Para João Filipe Araújo Cruz, doutorando em sociologia pela USP e pesquisador da relação entre movimento LGBT e representação política, o compromisso do TSE é fundamental para que esse tipo de informação seja colhido pelo Estado de forma mais sistemática, embasando assim políticas eleitorais.

Fernanda Curti (PT-SP), candidata a deputada federal, defende a participação de pessoas LGBTQIA+ na política como um ponto de manutenção da democracia. “Estamos rompendo os limites da construção sexista, racista e LGBTfóbica, de impedir a gente de participar desses espaços. É um caminho sem volta”.

A eleição de candidatos LGBTQIA+ pode, claro, ajudar a garantir os direitos dessa parcela da população. As pautas dos postulantes perpassam várias áreas, de adoção, criminalização da LGBTfobia, casamento homoafetivo, geração de trabalho e renda até a humanização no atendimento em delegacias.

Mas não são só de propostas voltadas à comunidade que se ocupam essas candidaturas.

“A comunidade não quer ficar falando só das pautas que dizem respeito a essas questões identitárias, queremos participar da construção de um país, dos debates nacionais, das políticas públicas que fazem parte da vida de qualquer cidadão”, afirma Matheus Ribeiro (PSDB-GO), candidato a deputado federal.

O aumento que essas candidaturas vêm obtendo ao longo das últimas eleições se deve ao capital político e simbólico que elas carregam e, também, ao êxito nas urnas de algumas delas, o que estimula outras.

A chegada das parlamentares Erica Malunguinho (PSOL) à Assembleia Legislativa paulista e Erika Hilton (PSOL) à Câmara de Vereadores de São Paulo —ambas com mais de 50 mil votos— representou a eleição das primeiras mulheres transexuais para as suas respectivas Casas Legislativas.

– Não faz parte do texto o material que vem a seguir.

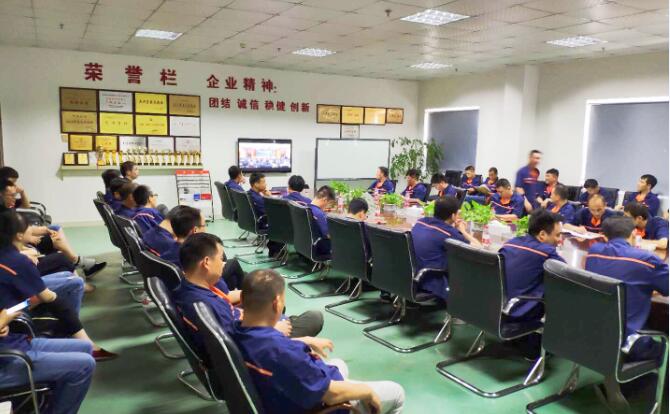 UU国际(中国区) - 官方网站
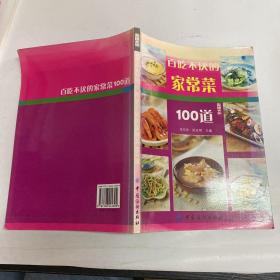 尚锦100系列18：百吃不厌的家常菜100道
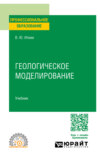 Геологическое моделирование. Учебник для СПО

Apesar do crescimento do número de candidaturas de pessoas LGBTQIA+, vencer pleitos ainda é um desafio. “Há uma grande resistência dentro dos partidos em fomentar as nossas candidaturas”, afirma Gregory Rodrigues (PDT-MG), candidato a deputado estadual.

Outro desafio é o de se manter no exercício do cargo, já que políticos LGBTQIA+ estão mais suscetíveis a violência política, que se dá entre seus pares nos legislativos e até dentro do próprio partido.